Restate the listing below word for word, pictures excluded.
____________________
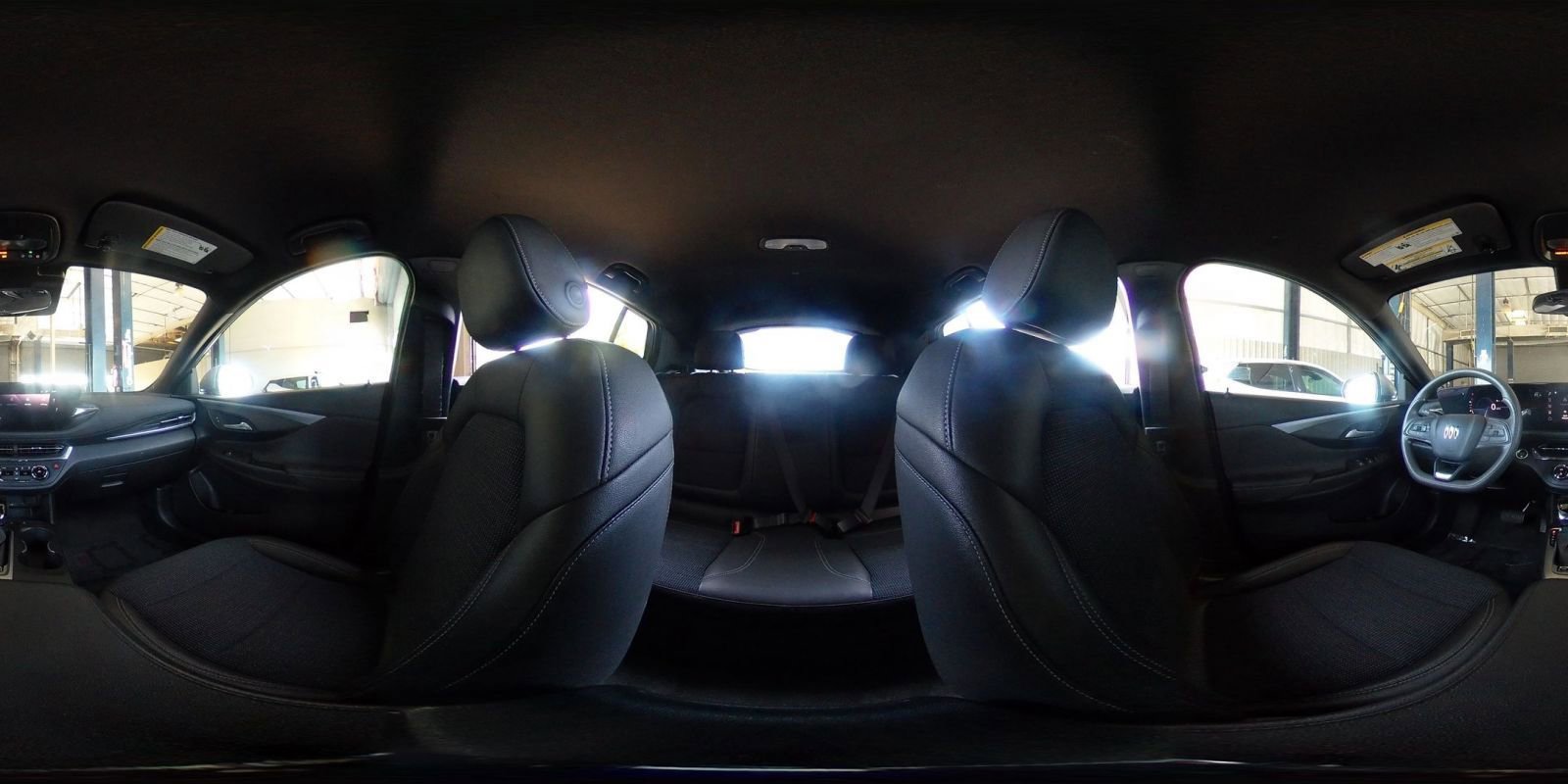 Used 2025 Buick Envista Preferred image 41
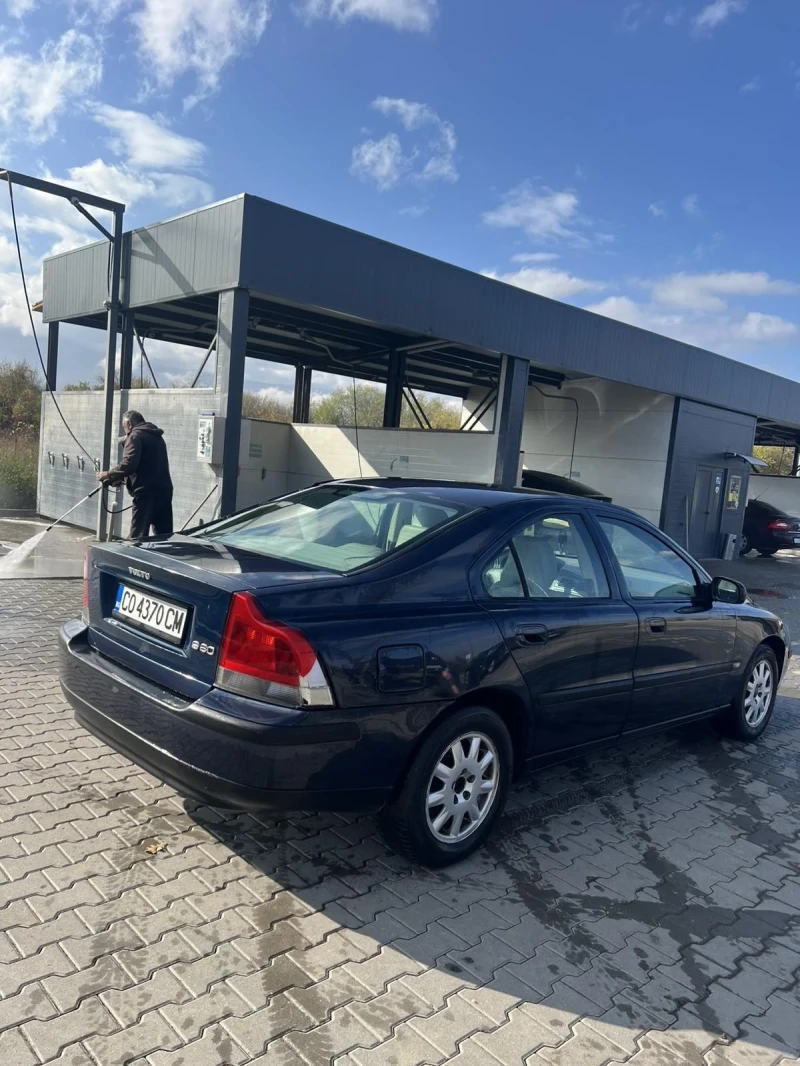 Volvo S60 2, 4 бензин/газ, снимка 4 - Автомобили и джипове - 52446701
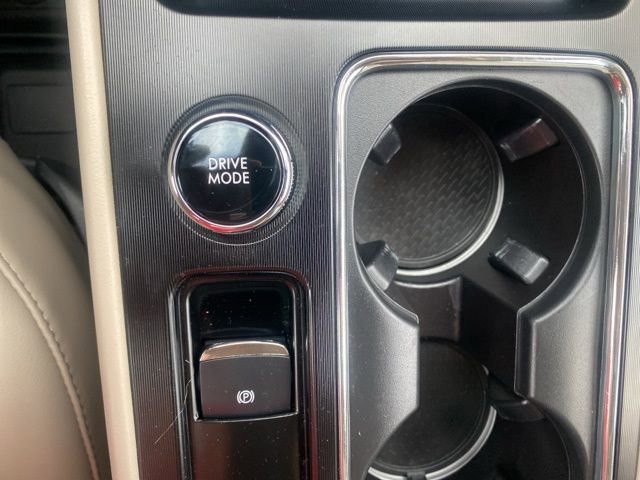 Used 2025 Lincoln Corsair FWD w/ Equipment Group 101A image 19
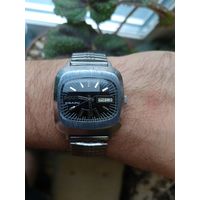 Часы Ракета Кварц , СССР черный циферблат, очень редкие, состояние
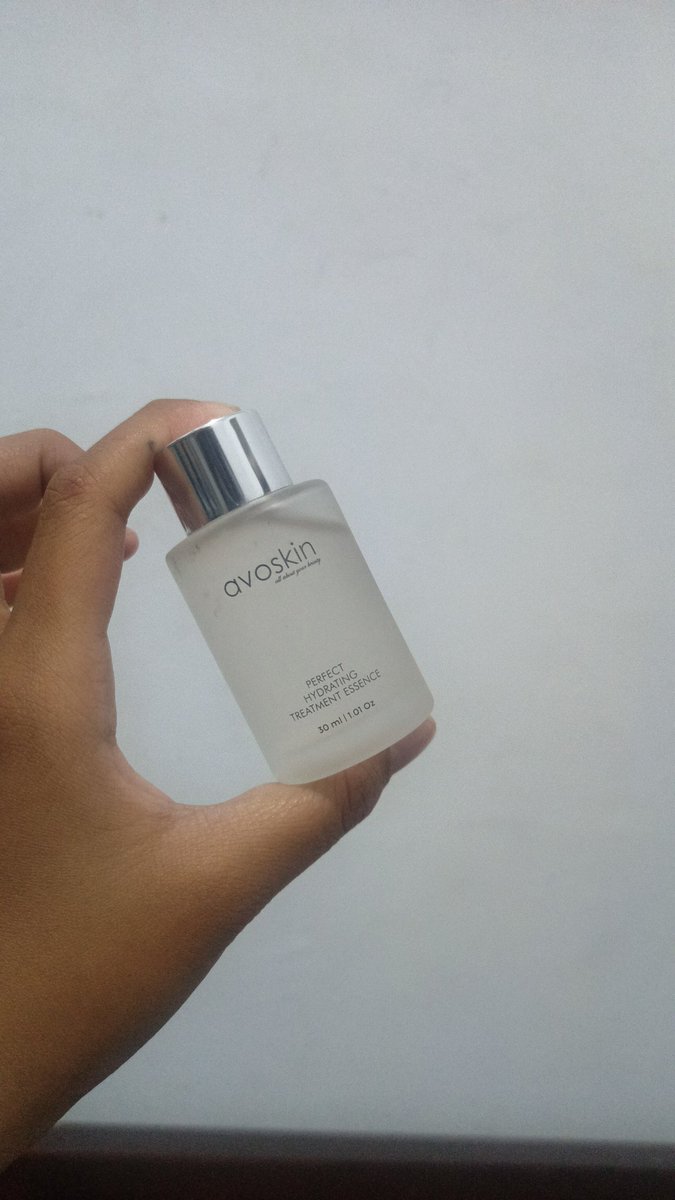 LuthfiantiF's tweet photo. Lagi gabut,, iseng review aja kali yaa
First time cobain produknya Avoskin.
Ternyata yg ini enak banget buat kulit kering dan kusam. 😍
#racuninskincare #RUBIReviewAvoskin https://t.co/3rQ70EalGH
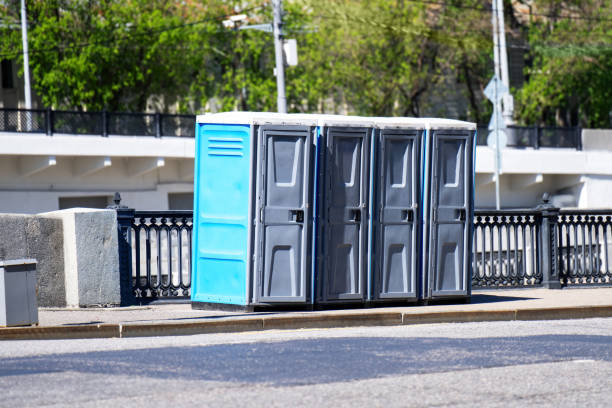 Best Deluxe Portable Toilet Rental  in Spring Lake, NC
____________________
## Result of this task
 Used 2025 Buick Envista Preferred image 41
 Volvo S60 2, 4 бензин/газ, снимка 4 - Автомобили и джипове - 52446701
 Used 2025 Lincoln Corsair FWD w/ Equipment Group 101A image 19
 Часы Ракета Кварц , СССР черный циферблат, очень редкие, состояние
 LuthfiantiF's tweet photo. Lagi gabut,, iseng review aja kali yaa
First time cobain produknya Avoskin.
Ternyata yg ini enak banget buat kulit kering dan kusam. 😍
#racuninskincare #RUBIReviewAvoskin https://t.co/3rQ70EalGH
 Best Deluxe Portable Toilet Rental  in Spring Lake, NC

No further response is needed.